╭─ Provided data

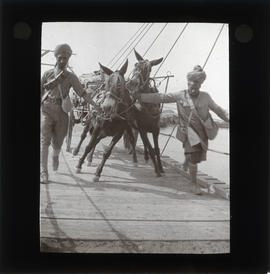 Photograph of unidentified soldiers crossing bridge with cart and donkeys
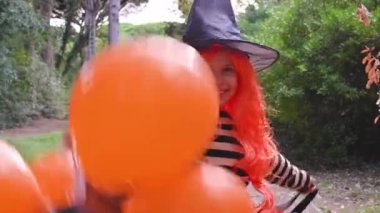 Cadılar Bayramı 'nda büyük renkli balonlarla karnaval kostümü giymiş bir çocuk. Sonbahar parkındaki küçük kız. Ana nesneye odaklanmak kolay..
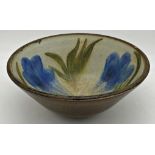 Studio pottery deep dish with flowers painted to the interior and olive green glazed rim and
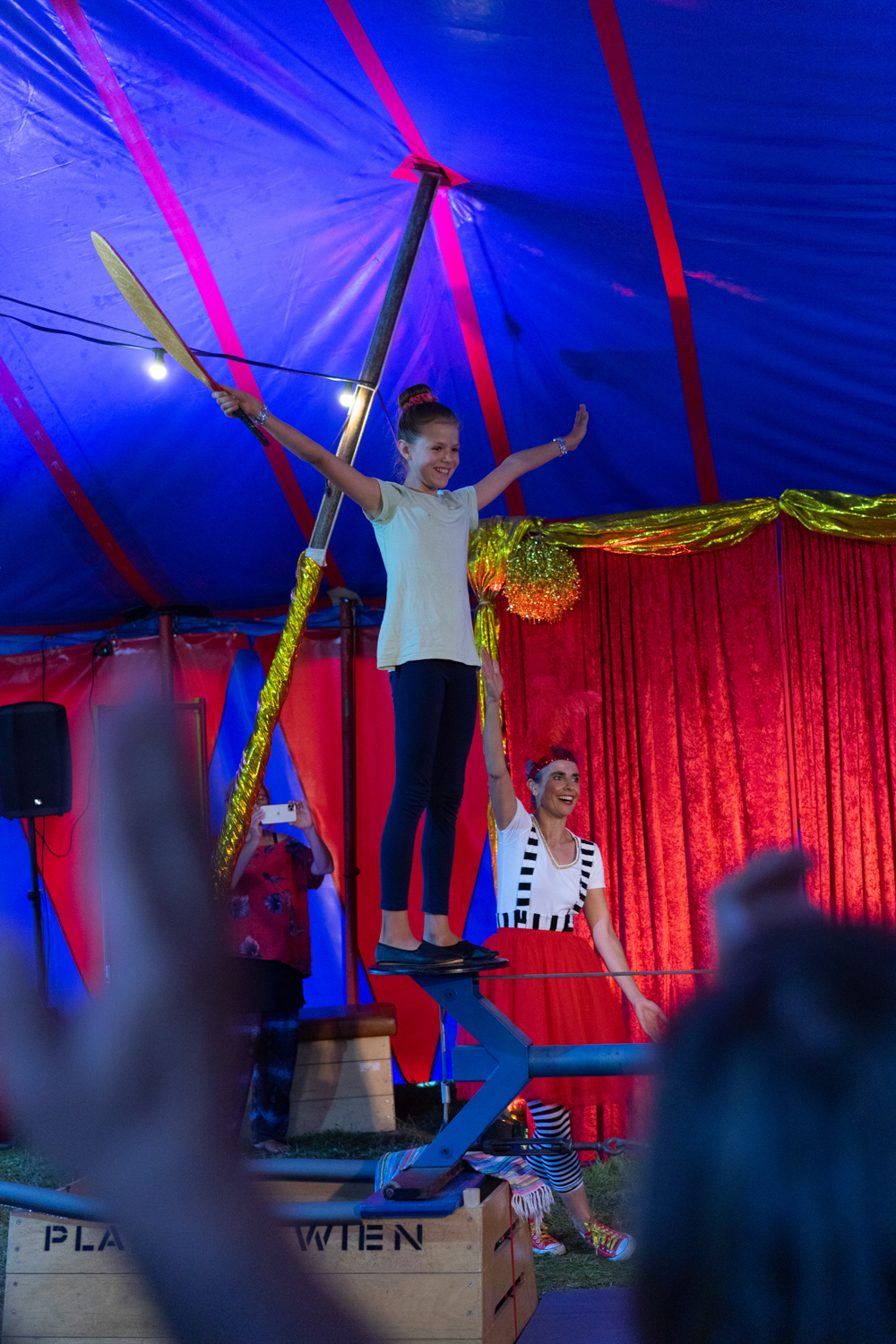 Ein Mädchen balanciert auf einem Seil, neben ihr befindet sich die ROTE NASEN-Clownin Rita.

╰─

● Work request
Return the full set of lines above word for word and with no pictures.

● Response to this task
 Photograph of unidentified soldiers crossing bridge with cart and donkeys
 Cadılar Bayramı 'nda büyük renkli balonlarla karnaval kostümü giymiş bir çocuk. Sonbahar parkındaki küçük kız. Ana nesneye odaklanmak kolay..
 Studio pottery deep dish with flowers painted to the interior and olive green glazed rim and
 Ein Mädchen balanciert auf einem Seil, neben ihr befindet sich die ROTE NASEN-Clownin Rita.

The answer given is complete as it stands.